Mini Salu-Salo at school
Everyone was wearing cute Philippine costumes. The girls wore different adorable styles while the boys look dashing in their Barong.
I’m not sure if these kids would remember their Salu-Salo at school. They had every Filipino dish you could think of from Pinoy-style Barbecue, Pancit Malabon, Puto, Rice, Pastillas and more. To make the celebration livelier, the teachers also prepared traditional Filipino games like the Pabitin. It’s a famous party game wherein toys, sweets and candies are tied on a Bamboo rack so children could pull them once hoisted from the ground.
What are the ways to foster a positive Filipino culture to kids
We had our photos taken on this photo backdrop from her school.

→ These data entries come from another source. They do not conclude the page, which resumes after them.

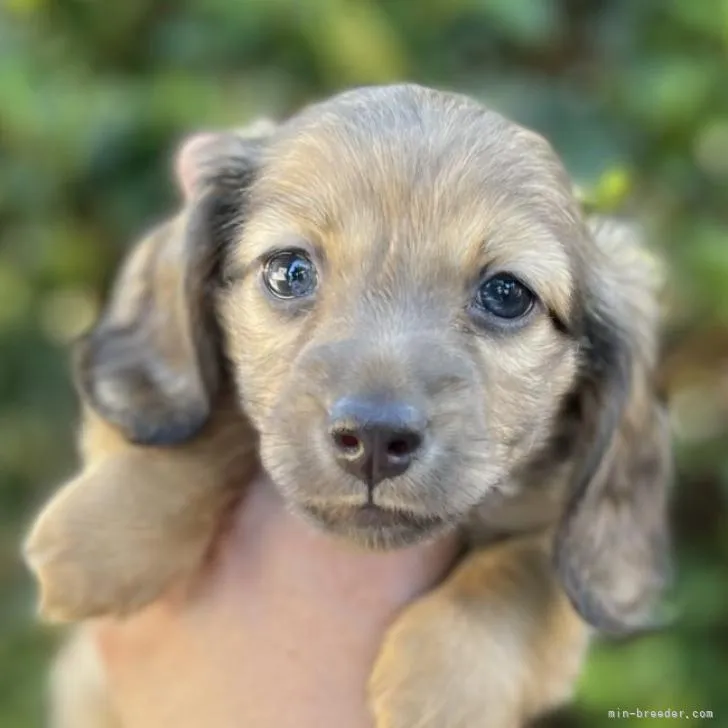 ID：2209-01575の子犬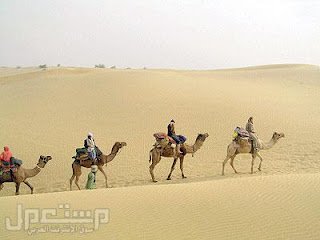 الإمام الشافعي شاعر القيم الإنسانية والروحية  عبد السلام .كى[1]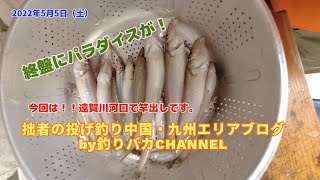 【投げ釣り】2022年5月5日　キス釣行動画　福岡県遠賀川河口で良型キスを狙ってきました。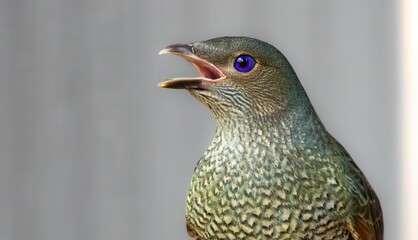 Portrait of a female Satin Bowerbird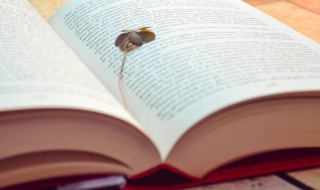 洋气的男孩名字大全2021 洋气的男孩名字大全英文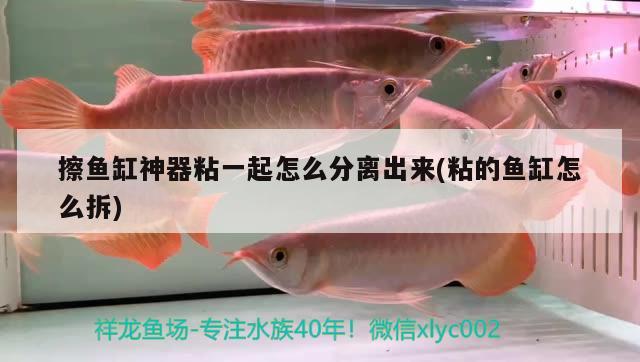 擦魚缸神器粘一起怎么分離出來(粘的魚缸怎么拆)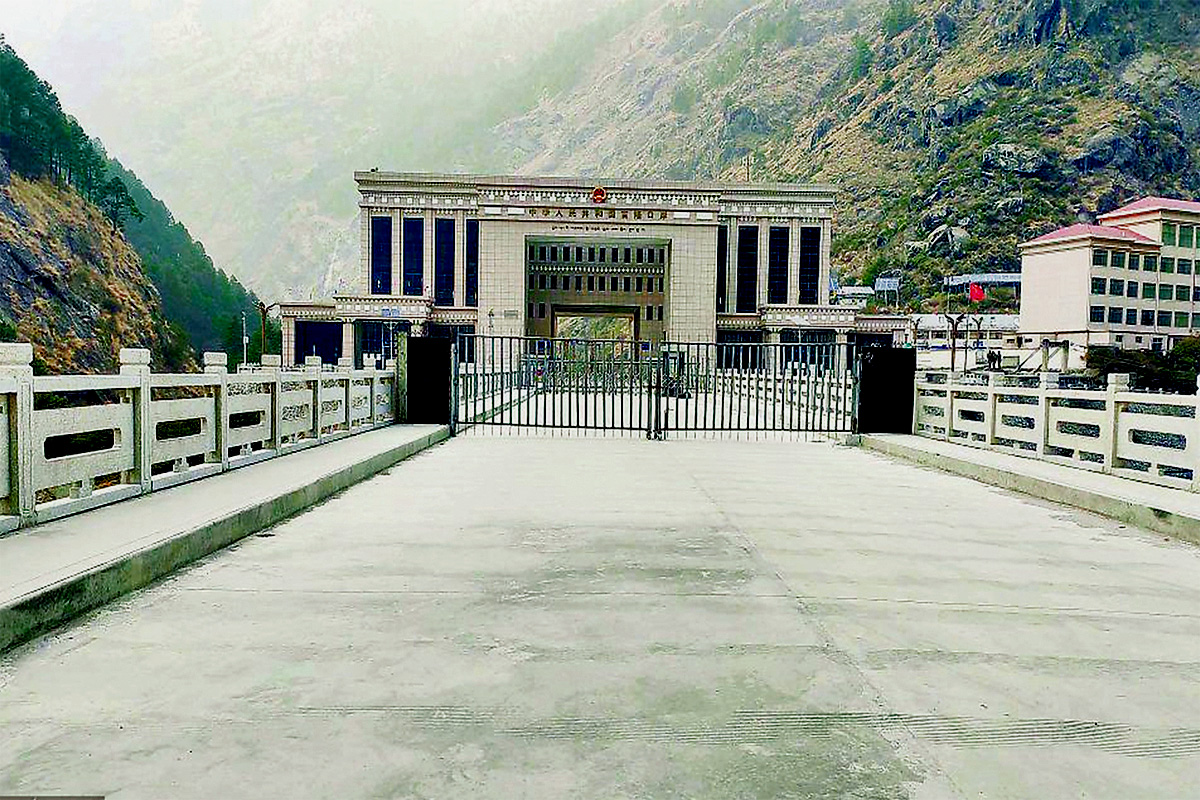 ६४ वर्ष पछि फेला पर्यो अनौठो चरा, आधा मानिस, आधा पंक्षी !
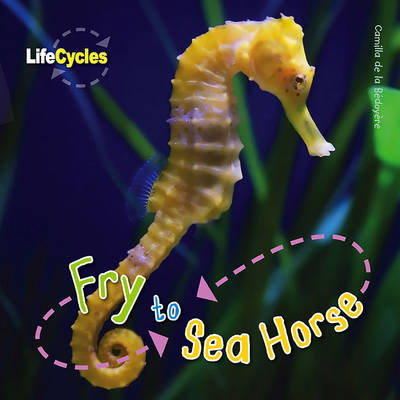 Book cover for Life Cycles: Fry to Seahorse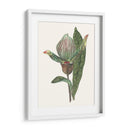 Pantalla De Orquídeas Iii - Melissa Wang | Cuadro decorativo de Canvas Lab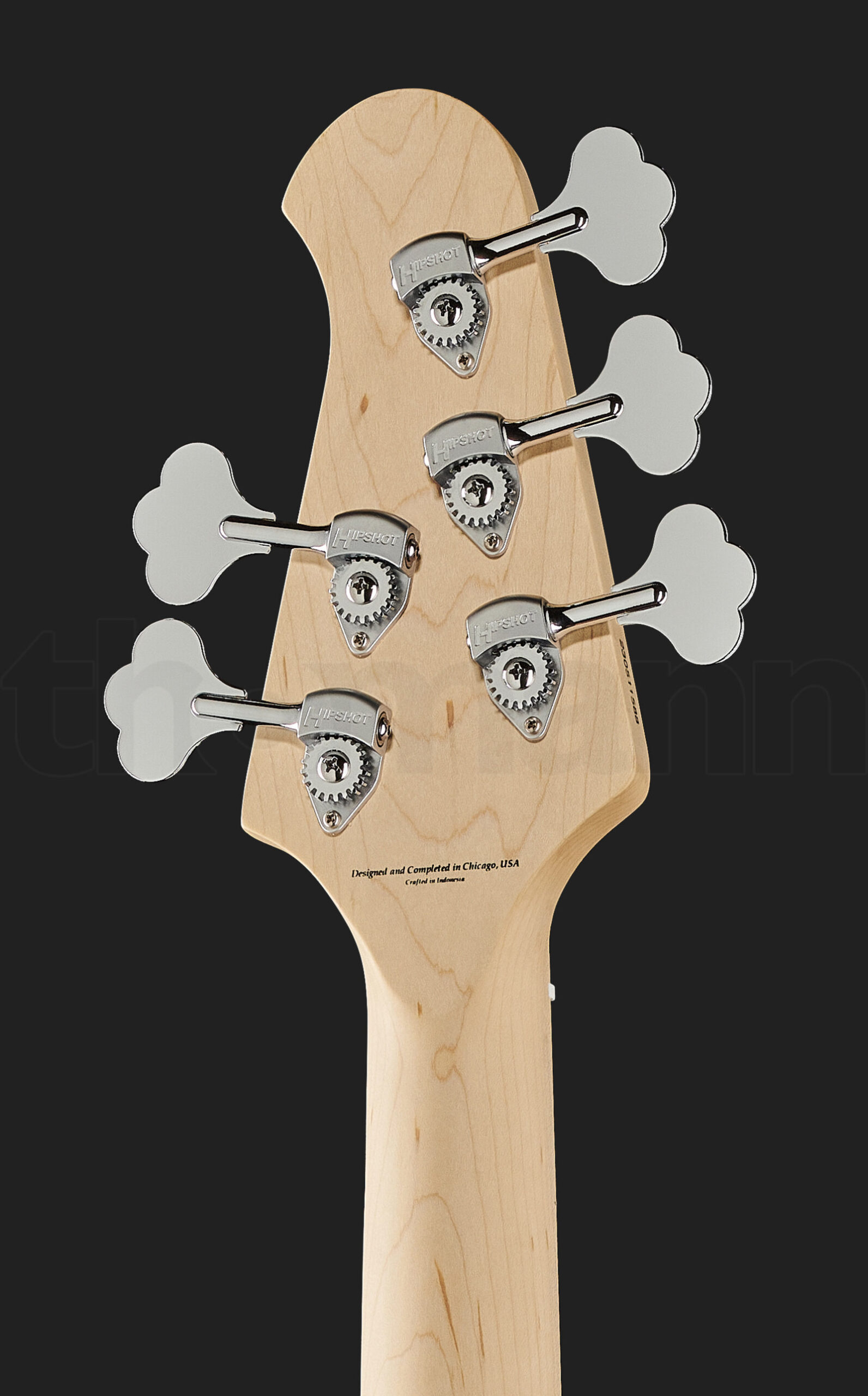 גיטרת בס Lakland Skyline 55-01 5-String NAT 5 גיטרת בס Lakland Skyline 55-01 5-String NAT – תמונה 5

Celebrating the Philippine National Language with colourful Filipino costumes in school is only one way to teach our kids about our culture. With foreign content on local channels and online platforms, there are few options available for the kids. But, there are ways to familiarise them.
- A day trip to the Children’s Museum would be like a real-life treasure hunt for Filipino ornaments.
- Visiting local stores of handmade items are also a place to discover Filipino items like toys and games. It could be a fun way for a playtime alternative at home.
- Include Filipino storybooks in your kids library.